**REQUIRED WORK**
Only the lines below from the one that contains "MODISHION Women's High" through the one that contains "Luxury Deer Valley" should appear in your answer, exact and without pictures.

**DATA SUPPLIED**
---

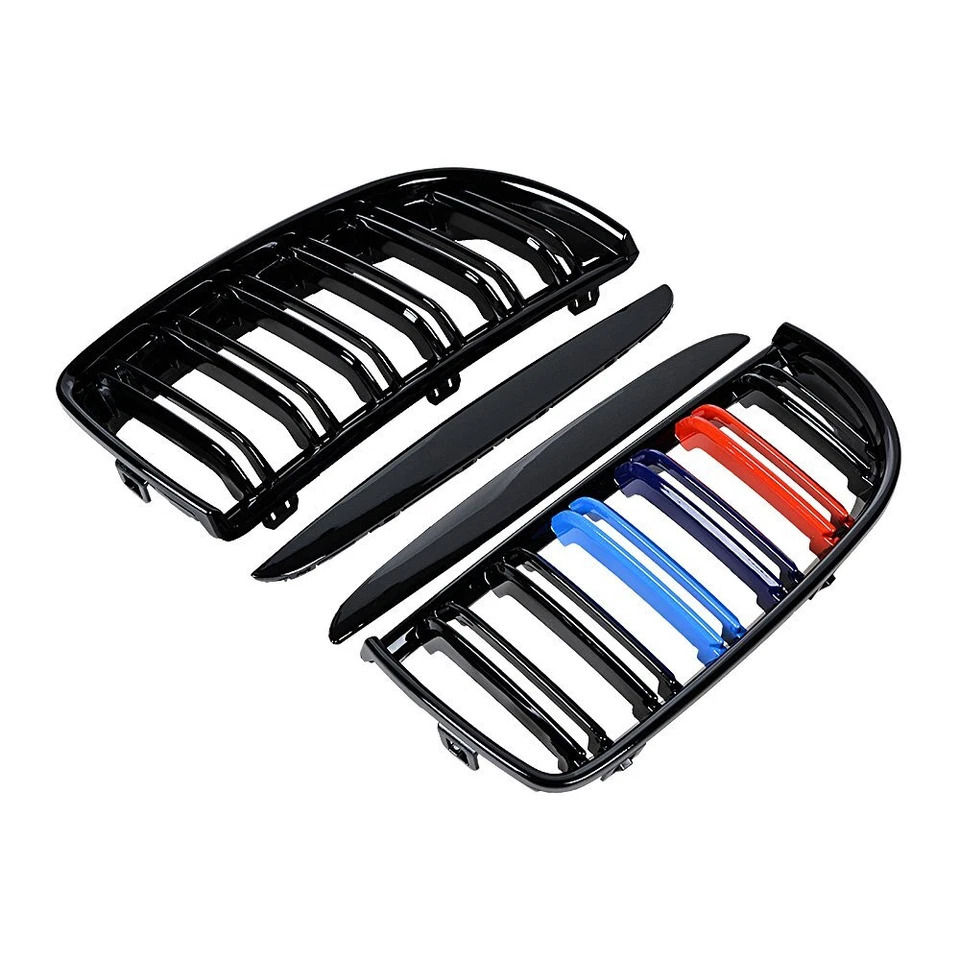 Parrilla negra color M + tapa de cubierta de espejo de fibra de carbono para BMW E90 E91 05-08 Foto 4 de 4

---

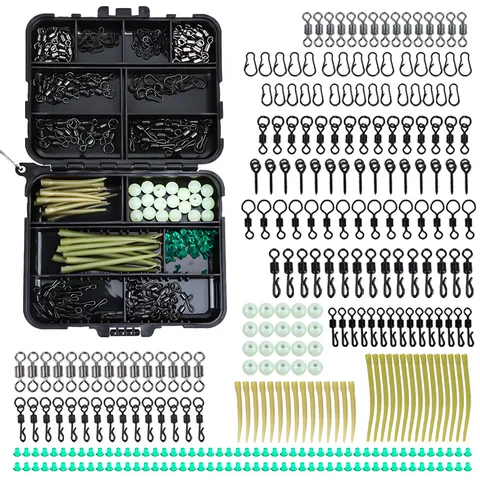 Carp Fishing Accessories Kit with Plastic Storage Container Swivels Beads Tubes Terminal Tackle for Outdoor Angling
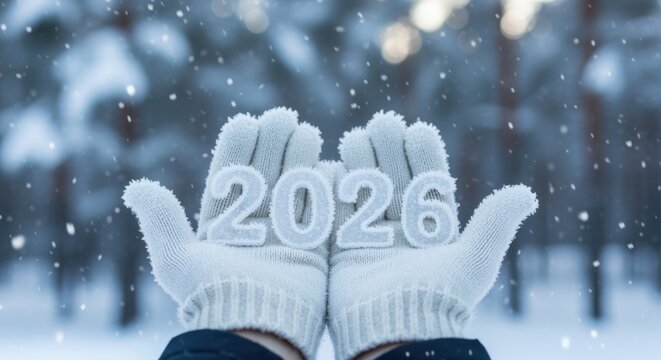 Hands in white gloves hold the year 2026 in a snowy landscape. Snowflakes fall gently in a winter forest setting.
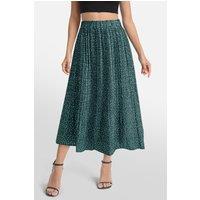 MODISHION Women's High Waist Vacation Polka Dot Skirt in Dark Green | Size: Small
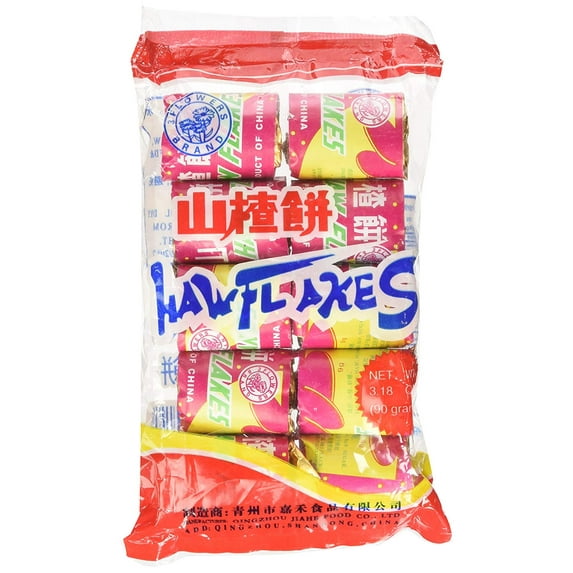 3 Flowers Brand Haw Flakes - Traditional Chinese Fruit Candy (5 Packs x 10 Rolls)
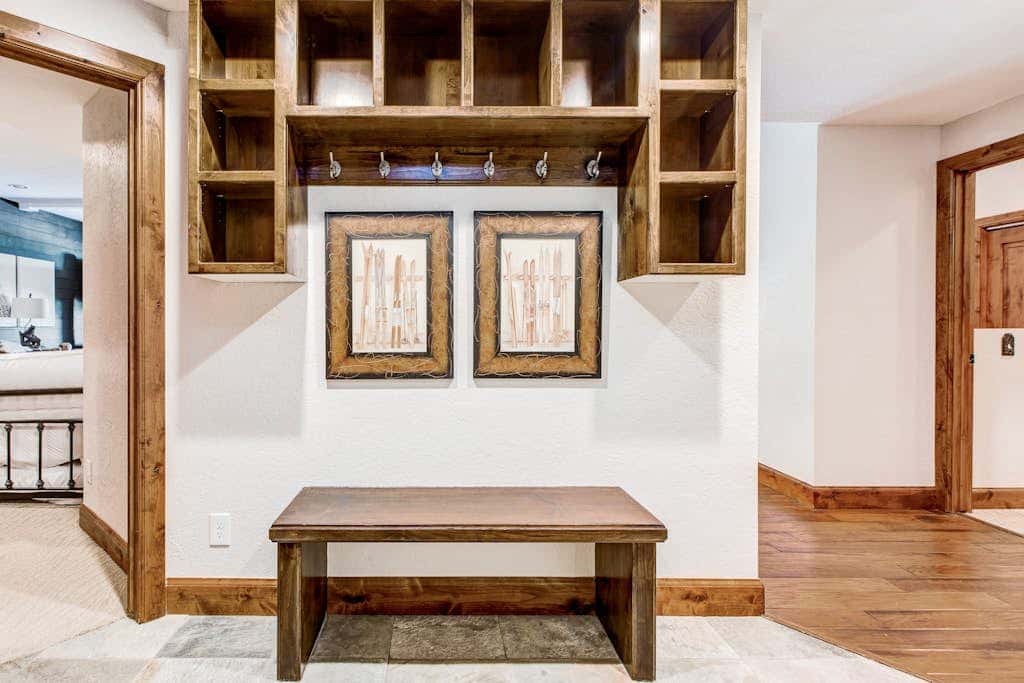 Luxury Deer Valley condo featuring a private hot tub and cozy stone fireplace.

---

**EXERCISE RESPONSE**
 MODISHION Women's High Waist Vacation Polka Dot Skirt in Dark Green | Size: Small
 3 Flowers Brand Haw Flakes - Traditional Chinese Fruit Candy (5 Packs x 10 Rolls)
 Luxury Deer Valley condo featuring a private hot tub and cozy stone fireplace.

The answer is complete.